# Knastvögel Browsergame



## Wihskykiller (21. Juli 2011)

*Knastvögel Browsergame*

Hallo.....


 Da ich über die Suchfunktion kein Thema hierzu gefunden habe, habe ich dieses Thema erstellt und möchte darum Bitten, es zu verschieben, falls es hierzu schon ein Thema gibt.


 Knastvögel :


 Dieses Onlinegame, was die Macher vom Pennergame ins Leben gerufen haben, ist aus meiner Sicht hervorragend gemacht und hat sehr viel Potenzial dazu, um auch nach der Open-Beta ganz groß zu werden, wenn da nicht einige Missstände wären.

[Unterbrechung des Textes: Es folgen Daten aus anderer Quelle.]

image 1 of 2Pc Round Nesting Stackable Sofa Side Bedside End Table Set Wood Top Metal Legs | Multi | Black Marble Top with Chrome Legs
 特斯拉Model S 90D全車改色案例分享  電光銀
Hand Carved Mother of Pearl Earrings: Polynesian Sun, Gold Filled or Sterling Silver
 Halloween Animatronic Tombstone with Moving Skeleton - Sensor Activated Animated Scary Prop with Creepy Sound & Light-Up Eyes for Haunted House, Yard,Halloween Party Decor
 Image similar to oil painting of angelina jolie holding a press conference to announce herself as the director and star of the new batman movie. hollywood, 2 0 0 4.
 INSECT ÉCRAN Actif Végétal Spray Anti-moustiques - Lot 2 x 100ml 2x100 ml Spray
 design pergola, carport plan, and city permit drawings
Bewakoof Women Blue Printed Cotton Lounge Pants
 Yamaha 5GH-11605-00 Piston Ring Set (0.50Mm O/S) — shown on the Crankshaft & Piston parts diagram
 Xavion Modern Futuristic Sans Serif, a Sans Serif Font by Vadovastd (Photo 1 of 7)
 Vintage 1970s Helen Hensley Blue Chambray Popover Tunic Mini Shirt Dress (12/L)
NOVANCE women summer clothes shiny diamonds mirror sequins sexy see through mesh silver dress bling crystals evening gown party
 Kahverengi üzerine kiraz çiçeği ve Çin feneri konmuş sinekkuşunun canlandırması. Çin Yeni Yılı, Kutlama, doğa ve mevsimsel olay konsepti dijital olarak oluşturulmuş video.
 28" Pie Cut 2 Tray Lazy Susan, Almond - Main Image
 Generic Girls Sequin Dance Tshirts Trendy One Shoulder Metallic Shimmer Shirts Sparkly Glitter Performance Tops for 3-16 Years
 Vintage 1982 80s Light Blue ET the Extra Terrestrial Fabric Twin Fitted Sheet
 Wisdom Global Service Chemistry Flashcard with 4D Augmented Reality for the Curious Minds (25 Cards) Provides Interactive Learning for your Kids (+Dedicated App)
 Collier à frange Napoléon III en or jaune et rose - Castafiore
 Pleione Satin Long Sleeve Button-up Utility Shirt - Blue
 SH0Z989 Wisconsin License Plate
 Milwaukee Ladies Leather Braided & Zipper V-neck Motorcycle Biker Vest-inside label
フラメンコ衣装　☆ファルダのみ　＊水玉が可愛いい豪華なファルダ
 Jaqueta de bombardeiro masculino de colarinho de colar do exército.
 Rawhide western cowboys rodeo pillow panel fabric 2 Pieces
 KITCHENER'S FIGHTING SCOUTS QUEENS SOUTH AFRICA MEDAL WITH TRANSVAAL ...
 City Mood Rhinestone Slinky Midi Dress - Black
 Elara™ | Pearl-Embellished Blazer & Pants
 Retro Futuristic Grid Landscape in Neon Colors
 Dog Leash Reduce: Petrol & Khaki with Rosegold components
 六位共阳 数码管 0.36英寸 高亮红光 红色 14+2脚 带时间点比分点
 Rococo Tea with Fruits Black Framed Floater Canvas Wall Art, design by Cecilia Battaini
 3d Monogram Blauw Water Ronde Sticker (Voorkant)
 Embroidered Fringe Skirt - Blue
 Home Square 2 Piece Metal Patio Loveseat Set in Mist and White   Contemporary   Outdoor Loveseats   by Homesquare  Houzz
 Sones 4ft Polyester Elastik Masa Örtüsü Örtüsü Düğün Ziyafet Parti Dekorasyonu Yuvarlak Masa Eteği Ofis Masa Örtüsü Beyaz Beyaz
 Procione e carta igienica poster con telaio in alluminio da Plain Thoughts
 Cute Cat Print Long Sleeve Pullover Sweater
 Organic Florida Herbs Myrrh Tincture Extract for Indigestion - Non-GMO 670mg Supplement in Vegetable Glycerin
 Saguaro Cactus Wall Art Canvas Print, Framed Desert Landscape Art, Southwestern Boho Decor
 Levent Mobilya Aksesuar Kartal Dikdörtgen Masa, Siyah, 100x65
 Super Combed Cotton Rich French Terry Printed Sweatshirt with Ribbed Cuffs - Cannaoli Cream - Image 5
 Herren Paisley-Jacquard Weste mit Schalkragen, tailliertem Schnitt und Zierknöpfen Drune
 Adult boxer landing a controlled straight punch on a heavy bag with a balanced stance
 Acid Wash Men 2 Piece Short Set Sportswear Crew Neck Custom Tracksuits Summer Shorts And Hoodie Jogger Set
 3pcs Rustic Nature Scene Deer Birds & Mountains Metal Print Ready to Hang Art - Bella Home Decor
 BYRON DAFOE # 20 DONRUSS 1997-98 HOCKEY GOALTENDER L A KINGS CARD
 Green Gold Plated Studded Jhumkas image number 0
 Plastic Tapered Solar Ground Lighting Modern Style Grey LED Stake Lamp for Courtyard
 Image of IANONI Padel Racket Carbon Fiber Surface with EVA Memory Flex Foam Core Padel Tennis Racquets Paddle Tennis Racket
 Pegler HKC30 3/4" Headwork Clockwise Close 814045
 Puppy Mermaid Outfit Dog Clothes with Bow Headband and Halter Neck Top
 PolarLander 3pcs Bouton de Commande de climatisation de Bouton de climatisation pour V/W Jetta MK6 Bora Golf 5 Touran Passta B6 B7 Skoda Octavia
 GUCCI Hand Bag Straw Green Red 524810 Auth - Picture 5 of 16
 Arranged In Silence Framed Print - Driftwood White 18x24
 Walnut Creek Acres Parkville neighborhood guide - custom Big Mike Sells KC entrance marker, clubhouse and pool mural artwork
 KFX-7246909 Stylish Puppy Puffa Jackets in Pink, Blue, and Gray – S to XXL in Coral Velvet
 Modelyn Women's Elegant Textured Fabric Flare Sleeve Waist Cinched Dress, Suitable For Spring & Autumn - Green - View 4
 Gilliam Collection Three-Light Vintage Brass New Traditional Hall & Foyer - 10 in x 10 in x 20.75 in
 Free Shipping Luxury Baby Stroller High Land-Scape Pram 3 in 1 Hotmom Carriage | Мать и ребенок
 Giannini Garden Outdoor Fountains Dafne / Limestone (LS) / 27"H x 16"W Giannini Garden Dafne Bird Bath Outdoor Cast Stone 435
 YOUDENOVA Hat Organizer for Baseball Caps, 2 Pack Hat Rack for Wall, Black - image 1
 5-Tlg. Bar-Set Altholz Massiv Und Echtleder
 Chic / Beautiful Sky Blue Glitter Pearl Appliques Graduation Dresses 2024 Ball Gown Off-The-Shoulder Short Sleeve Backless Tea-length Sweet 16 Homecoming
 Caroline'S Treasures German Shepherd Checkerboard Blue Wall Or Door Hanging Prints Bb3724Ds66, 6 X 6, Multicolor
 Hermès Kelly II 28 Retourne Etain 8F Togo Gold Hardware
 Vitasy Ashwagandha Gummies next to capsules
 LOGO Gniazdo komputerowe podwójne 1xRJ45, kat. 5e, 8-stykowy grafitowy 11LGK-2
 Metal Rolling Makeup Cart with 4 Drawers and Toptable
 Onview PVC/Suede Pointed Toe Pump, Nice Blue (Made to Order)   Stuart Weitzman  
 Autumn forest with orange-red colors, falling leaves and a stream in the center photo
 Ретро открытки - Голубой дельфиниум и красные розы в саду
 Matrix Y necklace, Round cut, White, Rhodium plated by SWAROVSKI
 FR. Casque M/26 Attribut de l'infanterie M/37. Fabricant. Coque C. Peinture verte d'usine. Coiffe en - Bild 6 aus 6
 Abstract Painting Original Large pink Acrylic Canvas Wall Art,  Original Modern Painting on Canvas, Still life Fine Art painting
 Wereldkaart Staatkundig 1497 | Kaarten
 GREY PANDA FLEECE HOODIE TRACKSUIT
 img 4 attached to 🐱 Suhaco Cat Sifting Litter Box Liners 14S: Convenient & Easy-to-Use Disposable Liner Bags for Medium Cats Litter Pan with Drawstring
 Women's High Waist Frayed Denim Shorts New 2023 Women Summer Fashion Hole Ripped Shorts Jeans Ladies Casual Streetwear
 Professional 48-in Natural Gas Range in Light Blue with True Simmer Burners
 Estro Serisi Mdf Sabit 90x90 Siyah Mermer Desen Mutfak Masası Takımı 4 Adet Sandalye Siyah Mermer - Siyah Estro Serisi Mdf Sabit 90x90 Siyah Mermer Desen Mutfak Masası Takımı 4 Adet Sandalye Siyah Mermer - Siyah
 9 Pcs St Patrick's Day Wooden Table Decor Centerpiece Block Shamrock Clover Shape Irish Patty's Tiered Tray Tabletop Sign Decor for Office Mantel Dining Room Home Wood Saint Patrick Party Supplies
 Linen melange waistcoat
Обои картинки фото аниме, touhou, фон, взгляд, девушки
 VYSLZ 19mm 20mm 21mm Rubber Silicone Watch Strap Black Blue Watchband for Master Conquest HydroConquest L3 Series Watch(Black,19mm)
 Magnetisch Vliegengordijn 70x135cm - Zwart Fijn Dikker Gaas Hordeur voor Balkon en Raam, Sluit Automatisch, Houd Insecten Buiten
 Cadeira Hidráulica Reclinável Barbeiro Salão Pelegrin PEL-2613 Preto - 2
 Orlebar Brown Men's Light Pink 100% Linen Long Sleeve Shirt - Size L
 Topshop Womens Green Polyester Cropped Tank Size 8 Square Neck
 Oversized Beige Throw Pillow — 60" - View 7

 Denn seid Anbeginn bzw. Start am 08.02.2011 bestehen im Game einige Fehler, die auch nach mehrfacher Meldung im Forum des Spiels bis Heute nicht behoben wurden und nicht darauf schließen lässt, dass dieses Game von Personen entwickelt wurde, die schon ein Onlinegame ins Leben gerufen haben, dass schon Weltweit bekannt ist.
 Es werden zwar laufend Updates gemacht, aber leider eben nicht die vorhandenen Fehler behoben.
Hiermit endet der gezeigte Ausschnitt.